While the print version of the newspaper is published every Friday, the website is now continuously updated with staff reports andstories from Reuters, Associated Press, Interfax and other news services.

The deal brings to an end a 14-year era of Kyiv Post ownership by Sunden. The newspaper started with humble origins only four years into Ukraine’s independence, with $8,000 and six employees. But its reputation as a beacon of independent journalism and its financial success grew quickly.

In announcing the sale, Sunden said that money wasn’t the only factor in selling to ISTIL Group. Sunden said that he believes that the Kyiv Post will be “in good hands” under Zahoor’s ownership.

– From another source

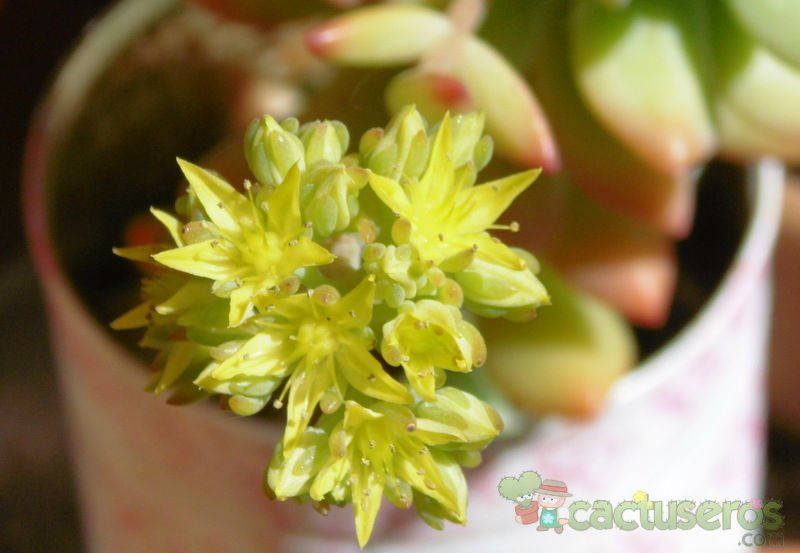 Una foto de Sedum Wayra (Sedum cuspidatum x Sedum pachyphyllum) (HIBRIDO)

The Kyiv Post was the first publication in Sunden’s KP Media company, which has grown to includenumerous other publications and websites. Other KP Media properties include the Russian-language Korrespondent magazine (launched in 2002) and website, BigMir (launced in 2000), Afisha and Kyiv Business Directory.

But, as Dragon Capital noted in its July 30 report, the last year has been difficult for KP Media.

“The economic decline, accompanied by a sharp contraction of the domestic advertising market, forced KP Media to close all new publications it had launched after its 2006 private placement, including the metro daily 15 Minutes, Ukrainian-language women’s magazines Pani and Vona and weekly news magazine Novynar.”

Dragon Capital expects that “KP Media will likely use the sale proceeds to replenish its working capital and reduce debt burden. Given the difficult situation on the market and in the company, we do not rule out KP Media will be forced to divest its other print media, such as entertainment weekly Afisha and some joint print projects. We expect that after KP Media cleans up its print media portfolio, the only exception being its very successful Korrespondent weekly magazine, it will continue to develop its Internet business.”

Zahoor said he has “the highest respect for the people at KP Media, and wish them the best of success in the future.”